### Records for this exercise:
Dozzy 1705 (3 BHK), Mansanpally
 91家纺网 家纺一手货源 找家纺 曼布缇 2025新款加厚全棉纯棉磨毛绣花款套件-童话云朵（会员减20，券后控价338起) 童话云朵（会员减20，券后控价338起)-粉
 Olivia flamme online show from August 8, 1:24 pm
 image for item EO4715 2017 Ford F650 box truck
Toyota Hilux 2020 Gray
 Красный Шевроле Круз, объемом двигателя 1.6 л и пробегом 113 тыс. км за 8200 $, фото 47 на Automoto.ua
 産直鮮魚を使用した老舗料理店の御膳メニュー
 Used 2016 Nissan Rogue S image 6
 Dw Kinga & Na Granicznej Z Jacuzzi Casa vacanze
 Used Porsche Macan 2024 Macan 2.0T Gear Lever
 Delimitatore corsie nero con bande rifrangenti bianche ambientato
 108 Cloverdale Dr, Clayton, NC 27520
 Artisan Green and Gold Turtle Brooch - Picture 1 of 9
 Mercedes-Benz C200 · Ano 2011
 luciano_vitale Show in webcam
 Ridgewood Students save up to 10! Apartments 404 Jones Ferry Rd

### Problem description:
Give back the entries exactly, so that each line matches the original.

### Output of the exercise:
Dozzy 1705 (3 BHK), Mansanpally
 91家纺网 家纺一手货源 找家纺 曼布缇 2025新款加厚全棉纯棉磨毛绣花款套件-童话云朵（会员减20，券后控价338起) 童话云朵（会员减20，券后控价338起)-粉
 Olivia flamme online show from August 8, 1:24 pm
 image for item EO4715 2017 Ford F650 box truck
Toyota Hilux 2020 Gray
 Красный Шевроле Круз, объемом двигателя 1.6 л и пробегом 113 тыс. км за 8200 $, фото 47 на Automoto.ua
 産直鮮魚を使用した老舗料理店の御膳メニュー
 Used 2016 Nissan Rogue S image 6
 Dw Kinga & Na Granicznej Z Jacuzzi Casa vacanze
 Used Porsche Macan 2024 Macan 2.0T Gear Lever
 Delimitatore corsie nero con bande rifrangenti bianche ambientato
 108 Cloverdale Dr, Clayton, NC 27520
 Artisan Green and Gold Turtle Brooch - Picture 1 of 9
 Mercedes-Benz C200 · Ano 2011
 luciano_vitale Show in webcam
 Ridgewood Students save up to 10! Apartments 404 Jones Ferry Rd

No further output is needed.